##### DATA EXCERPTS #####

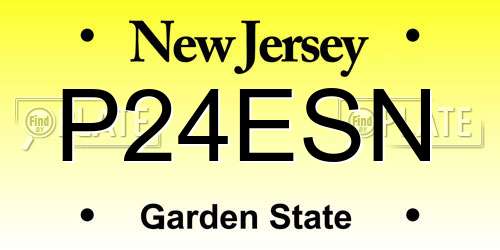 P24ESN New Jersey License Plate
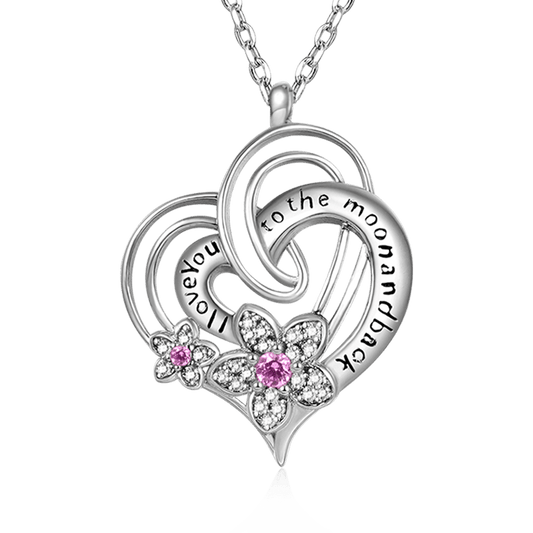 Gnoce "I Love You to the Moon & Back" Flower Heart Necklace_1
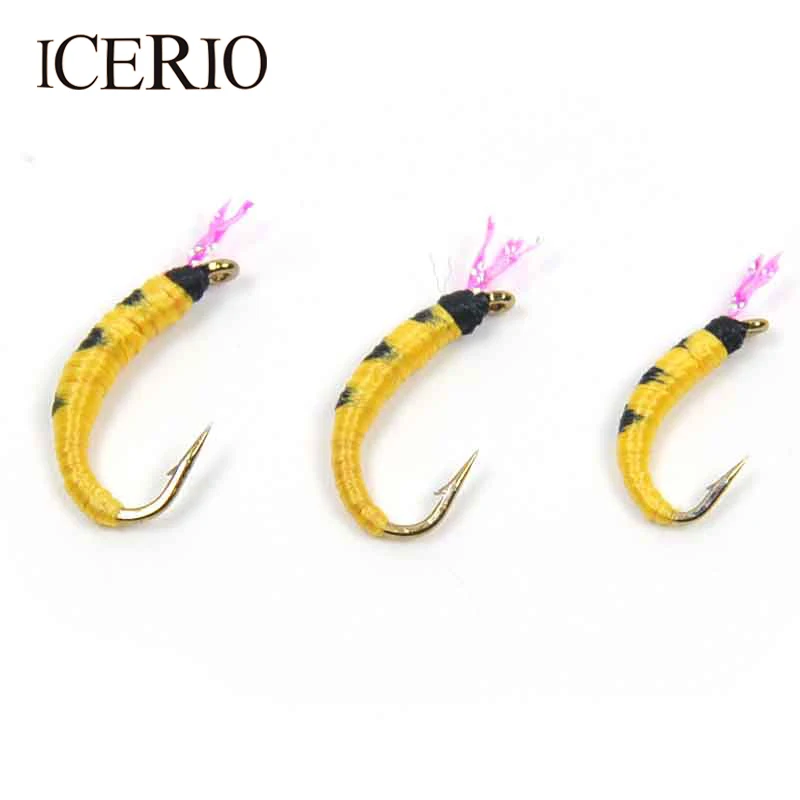 ICERIO 8PCS Yellow Pupa Larva Nymphs Bass Fly Trout Fishing Lures Size 10# 12# 14#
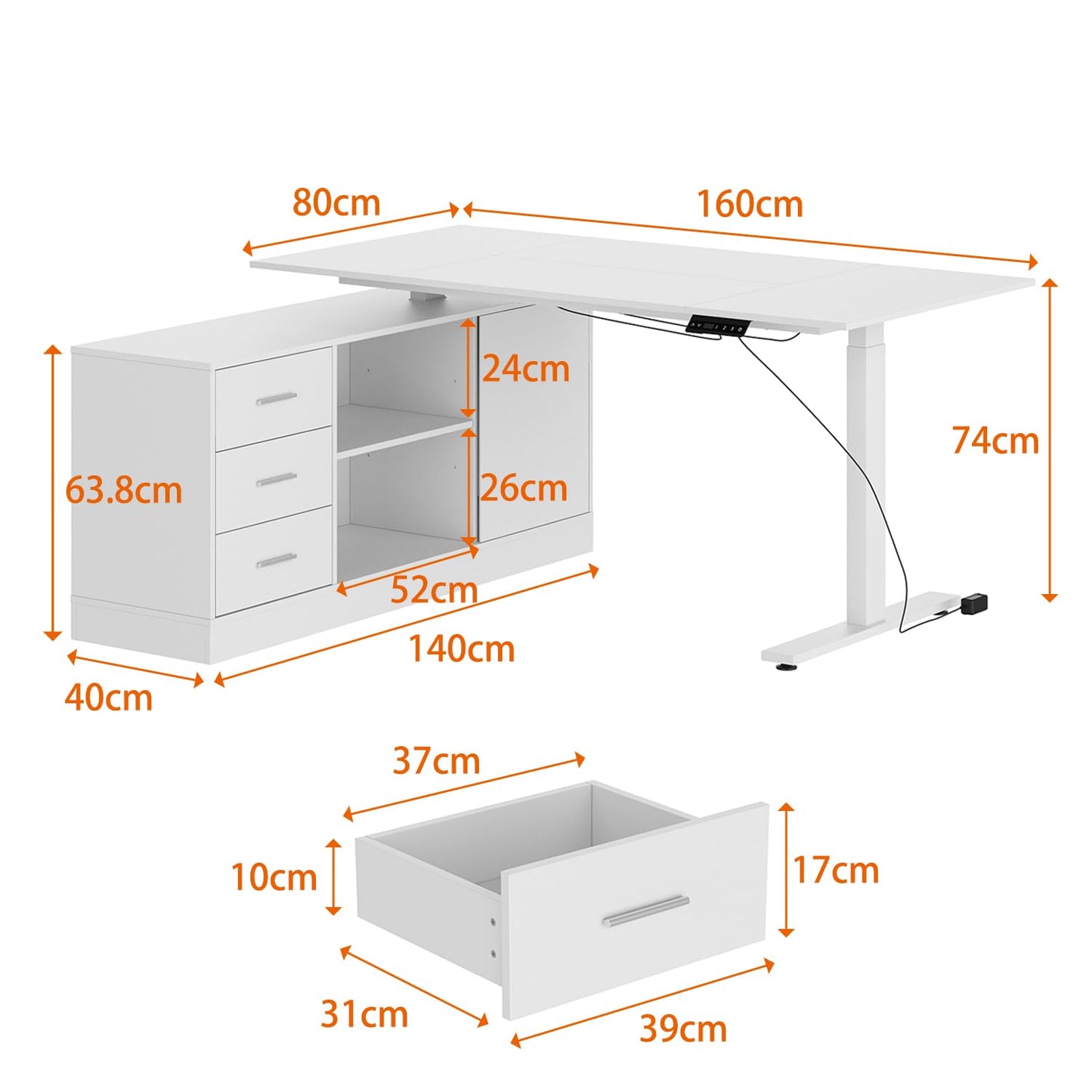 Caldion L-förmiger höhenverstellbarer Schreibtisch 74-112 cm, elektrisch, mit Kommode und offenen Ablagen, weiß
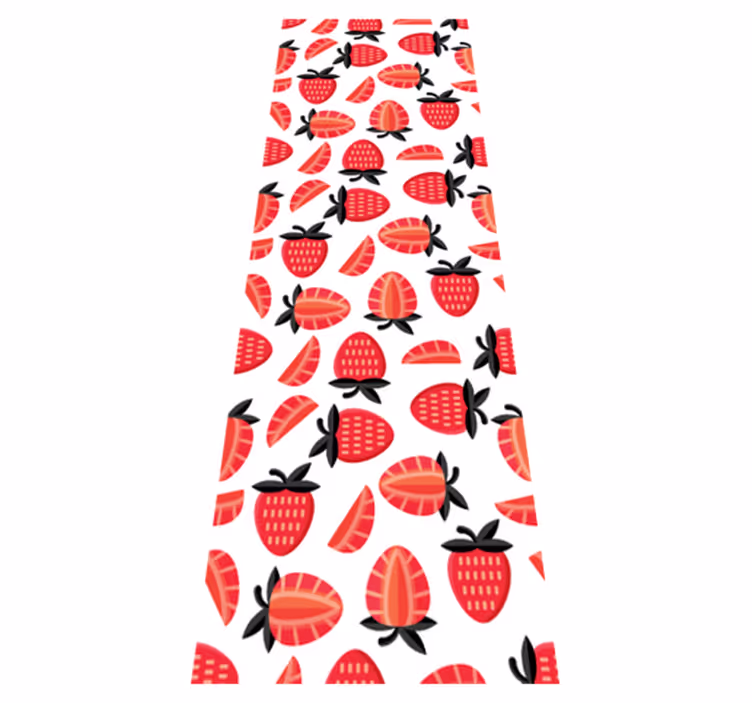 Kitchen vinyl rug with realistic red strawberry design - TenStickers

#####

### TASK GOAL
Without carrying over any picture, retype the records above word for word.

### TASK OUTPUT
 P24ESN New Jersey License Plate
 Gnoce "I Love You to the Moon & Back" Flower Heart Necklace_1
 ICERIO 8PCS Yellow Pupa Larva Nymphs Bass Fly Trout Fishing Lures Size 10# 12# 14#
 Caldion L-förmiger höhenverstellbarer Schreibtisch 74-112 cm, elektrisch, mit Kommode und offenen Ablagen, weiß
 Kitchen vinyl rug with realistic red strawberry design - TenStickers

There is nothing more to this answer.